Thursday, November 11, 2010

Central Texas Veggie Garden Update: November

I almost have harvestable broccoli! Holy cow, how cool is that? I planted my first round of broccoli transplants in early September and they're showing signs of crowns. I fertilized with a nitrogen fertilizer when they were about 9 inches tall, and then the other day with Flower Power to promote the development of their crowns. That's how i do most of my veggies - nitrogen once they've put on some height and need greening power, and Flower Power (high middle number) when showing signs of flowering and setting fruit.
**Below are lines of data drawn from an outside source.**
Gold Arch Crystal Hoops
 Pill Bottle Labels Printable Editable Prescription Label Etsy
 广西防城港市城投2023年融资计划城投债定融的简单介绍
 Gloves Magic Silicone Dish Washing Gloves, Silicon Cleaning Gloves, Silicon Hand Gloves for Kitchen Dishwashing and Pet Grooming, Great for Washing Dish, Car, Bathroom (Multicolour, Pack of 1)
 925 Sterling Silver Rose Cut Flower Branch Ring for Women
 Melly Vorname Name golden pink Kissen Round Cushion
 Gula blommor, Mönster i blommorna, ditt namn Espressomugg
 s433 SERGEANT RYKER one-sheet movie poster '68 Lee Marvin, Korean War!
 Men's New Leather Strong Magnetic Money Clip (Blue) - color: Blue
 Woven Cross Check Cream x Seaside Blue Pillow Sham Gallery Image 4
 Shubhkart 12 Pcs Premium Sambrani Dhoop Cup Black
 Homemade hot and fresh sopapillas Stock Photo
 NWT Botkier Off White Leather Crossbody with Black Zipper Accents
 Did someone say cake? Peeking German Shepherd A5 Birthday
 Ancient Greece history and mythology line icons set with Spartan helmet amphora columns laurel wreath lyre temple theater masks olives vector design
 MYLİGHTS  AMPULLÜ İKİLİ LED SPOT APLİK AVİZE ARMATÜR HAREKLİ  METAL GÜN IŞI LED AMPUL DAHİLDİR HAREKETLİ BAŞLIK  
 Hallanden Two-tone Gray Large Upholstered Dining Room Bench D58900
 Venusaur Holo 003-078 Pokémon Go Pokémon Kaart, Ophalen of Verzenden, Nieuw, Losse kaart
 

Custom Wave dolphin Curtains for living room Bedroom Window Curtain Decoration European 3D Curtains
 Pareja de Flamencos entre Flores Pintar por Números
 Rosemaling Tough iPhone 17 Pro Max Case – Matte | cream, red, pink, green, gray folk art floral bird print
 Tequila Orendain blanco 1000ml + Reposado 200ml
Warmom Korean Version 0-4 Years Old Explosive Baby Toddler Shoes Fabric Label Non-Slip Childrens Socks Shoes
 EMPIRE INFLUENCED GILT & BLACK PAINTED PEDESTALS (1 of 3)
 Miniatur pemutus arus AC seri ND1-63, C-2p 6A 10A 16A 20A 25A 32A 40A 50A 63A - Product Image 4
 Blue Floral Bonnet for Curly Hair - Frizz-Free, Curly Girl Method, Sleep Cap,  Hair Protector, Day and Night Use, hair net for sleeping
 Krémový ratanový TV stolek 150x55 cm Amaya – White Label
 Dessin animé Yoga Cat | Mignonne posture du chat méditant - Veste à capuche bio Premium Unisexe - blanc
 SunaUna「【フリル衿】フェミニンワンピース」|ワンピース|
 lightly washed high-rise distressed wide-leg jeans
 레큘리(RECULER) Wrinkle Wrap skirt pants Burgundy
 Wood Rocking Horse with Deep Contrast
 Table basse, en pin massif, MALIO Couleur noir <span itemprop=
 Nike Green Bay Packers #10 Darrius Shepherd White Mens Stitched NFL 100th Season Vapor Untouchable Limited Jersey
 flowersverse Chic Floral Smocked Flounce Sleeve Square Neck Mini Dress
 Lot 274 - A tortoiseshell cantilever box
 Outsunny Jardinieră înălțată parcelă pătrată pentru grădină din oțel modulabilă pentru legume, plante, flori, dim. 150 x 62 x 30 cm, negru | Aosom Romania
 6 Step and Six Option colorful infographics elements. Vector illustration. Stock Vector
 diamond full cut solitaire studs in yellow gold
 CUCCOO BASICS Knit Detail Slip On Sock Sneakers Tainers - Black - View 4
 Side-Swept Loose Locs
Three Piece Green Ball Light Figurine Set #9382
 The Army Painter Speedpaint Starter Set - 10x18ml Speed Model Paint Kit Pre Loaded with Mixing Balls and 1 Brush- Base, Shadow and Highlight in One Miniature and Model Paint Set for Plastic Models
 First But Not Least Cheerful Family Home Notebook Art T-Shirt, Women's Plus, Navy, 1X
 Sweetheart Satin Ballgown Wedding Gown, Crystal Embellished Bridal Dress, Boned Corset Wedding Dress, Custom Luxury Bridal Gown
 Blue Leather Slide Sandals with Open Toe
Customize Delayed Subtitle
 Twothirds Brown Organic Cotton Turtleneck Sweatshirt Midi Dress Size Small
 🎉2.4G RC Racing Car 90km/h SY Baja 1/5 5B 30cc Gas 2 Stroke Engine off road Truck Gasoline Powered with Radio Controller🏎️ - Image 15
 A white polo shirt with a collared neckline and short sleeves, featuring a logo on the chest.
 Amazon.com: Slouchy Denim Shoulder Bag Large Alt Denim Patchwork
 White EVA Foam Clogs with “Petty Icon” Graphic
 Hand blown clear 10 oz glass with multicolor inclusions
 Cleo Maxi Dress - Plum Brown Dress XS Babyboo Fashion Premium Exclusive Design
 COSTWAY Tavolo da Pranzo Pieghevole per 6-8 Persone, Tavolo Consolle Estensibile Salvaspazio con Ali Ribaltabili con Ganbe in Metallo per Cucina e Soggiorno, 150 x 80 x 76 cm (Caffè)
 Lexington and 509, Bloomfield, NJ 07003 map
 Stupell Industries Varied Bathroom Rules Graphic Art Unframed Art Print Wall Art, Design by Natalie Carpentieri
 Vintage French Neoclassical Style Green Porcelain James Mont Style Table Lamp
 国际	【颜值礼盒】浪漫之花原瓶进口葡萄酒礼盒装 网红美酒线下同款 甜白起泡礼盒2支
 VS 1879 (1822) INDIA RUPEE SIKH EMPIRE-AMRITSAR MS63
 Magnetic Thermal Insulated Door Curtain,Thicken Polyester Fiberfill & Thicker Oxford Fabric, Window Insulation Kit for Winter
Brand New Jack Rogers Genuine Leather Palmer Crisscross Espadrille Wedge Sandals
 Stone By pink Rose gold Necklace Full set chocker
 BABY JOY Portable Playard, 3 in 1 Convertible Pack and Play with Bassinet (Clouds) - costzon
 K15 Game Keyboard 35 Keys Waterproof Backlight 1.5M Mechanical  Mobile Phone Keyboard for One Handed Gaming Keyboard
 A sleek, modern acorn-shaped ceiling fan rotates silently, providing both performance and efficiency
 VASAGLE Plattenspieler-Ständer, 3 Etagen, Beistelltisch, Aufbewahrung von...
For long season plants like tomatoes and cukes i will redo the Flower Power fertilizing every month or so, plus seaweed in their water  or compost side dressing for a little extra vigor at any time i please.

I planted some more transplants and seeds last weekend:
  • Radish
  • Carrot
  • Broccoli Raab
  • Chamomile (seeds and transplant)
  • Kale (seeds and transplant)
  • Broccoli (transplant)
  • Chard (transplant)
  • Lettuce
  • Pansies and Calendula for some edible/medicinal pretty 
Baby radishes peeking out
 I must admit: the past few years i have diligently laid out my gardens on graph paper, taken detailed notes of every seed and transplant planted and when, watering schedules, fertilization, all a gardener's work entails. This season I'm beign more indiscriminate in my record keeping. I try and water germinating beds every morning and the large gardens twice a week. I'm tucking seeds and seedlings into bare patches as they come available. I harvest what's ripe and carefully watch the weather to see if a freeze may be imminent. Peppers and tomatoes are still filling lots of space so i've been cramming my brassicas into tight spots and tucking seeds in the crannies as i see fit. My companion planting methods have gone out the window for hte most part and it's fun to see so much green slammed into so small a space. We'll see if my 'tuck it where there's space' method works out for me... at the very least i'll have plenty of green matter to choose from, whether it does well or not. ha.
    When does one harvest kohlrabi? I dunno, this is my first year.
    Meyer Lemons starting to turn yellow. It's the time of year to watch for below 40 degree weather. I'll have to figure out some way to get this now massive potted plant into the house for winter.
    The cucumbers continue to give me big old fruit, my tomatoes are heavily laden with green globes of optimism that i have to hunt for amongst their bushy limbs, and all my pepper plants are busting at the stem: many batches of hot sauce are being simmered and preparing to age, get strained, bottled and processed. I'm putting peppers into everything right now and will freeze what i don't turn into hot sauce, muffins, or jam. I'm preparing to save the seeds of my favorite tomato plant and will be mulching the garlic areas as soon as i see a few more little garlic sprouts peeking up. They aren't as happy this year as they've been in past years which may be due to my skipping a layer of turkey compost on top of the seeded beds. Live and learn.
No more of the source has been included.